◆ Prompt ◆
Once the line containing "2 bedroom Apartment" is found in the data below, output that line and every line after it through the last, unchanged and with nothing else.

Content starts

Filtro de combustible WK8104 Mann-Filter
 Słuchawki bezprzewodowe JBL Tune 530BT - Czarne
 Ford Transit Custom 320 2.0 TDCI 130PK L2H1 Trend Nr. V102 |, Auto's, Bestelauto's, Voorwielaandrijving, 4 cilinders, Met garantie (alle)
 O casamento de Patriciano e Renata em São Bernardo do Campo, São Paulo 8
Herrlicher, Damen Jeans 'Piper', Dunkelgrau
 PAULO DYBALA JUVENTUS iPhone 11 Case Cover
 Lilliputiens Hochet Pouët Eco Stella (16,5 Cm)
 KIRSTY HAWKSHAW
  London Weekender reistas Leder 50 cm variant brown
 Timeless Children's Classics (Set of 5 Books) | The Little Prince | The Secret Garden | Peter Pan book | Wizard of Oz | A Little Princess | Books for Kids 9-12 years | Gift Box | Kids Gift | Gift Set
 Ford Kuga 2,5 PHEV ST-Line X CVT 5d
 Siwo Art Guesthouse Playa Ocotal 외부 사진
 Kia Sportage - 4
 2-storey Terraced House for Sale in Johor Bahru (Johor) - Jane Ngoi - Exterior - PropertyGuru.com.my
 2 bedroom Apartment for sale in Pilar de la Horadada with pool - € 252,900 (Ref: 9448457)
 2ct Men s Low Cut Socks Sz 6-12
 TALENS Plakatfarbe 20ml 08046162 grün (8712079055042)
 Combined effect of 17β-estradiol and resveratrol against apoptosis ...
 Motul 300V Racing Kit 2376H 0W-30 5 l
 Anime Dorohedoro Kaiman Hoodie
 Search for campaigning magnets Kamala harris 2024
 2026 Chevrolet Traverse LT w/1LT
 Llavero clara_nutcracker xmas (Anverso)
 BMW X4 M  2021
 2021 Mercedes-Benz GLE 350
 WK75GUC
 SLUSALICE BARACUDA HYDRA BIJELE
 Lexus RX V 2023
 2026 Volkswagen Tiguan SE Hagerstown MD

Content ends

◆ Answer box ◆
 2 bedroom Apartment for sale in Pilar de la Horadada with pool - € 252,900 (Ref: 9448457)
 2ct Men s Low Cut Socks Sz 6-12
 TALENS Plakatfarbe 20ml 08046162 grün (8712079055042)
 Combined effect of 17β-estradiol and resveratrol against apoptosis ...
 Motul 300V Racing Kit 2376H 0W-30 5 l
 Anime Dorohedoro Kaiman Hoodie
 Search for campaigning magnets Kamala harris 2024
 2026 Chevrolet Traverse LT w/1LT
 Llavero clara_nutcracker xmas (Anverso)
 BMW X4 M  2021
 2021 Mercedes-Benz GLE 350
 WK75GUC
 SLUSALICE BARACUDA HYDRA BIJELE
 Lexus RX V 2023
 2026 Volkswagen Tiguan SE Hagerstown MD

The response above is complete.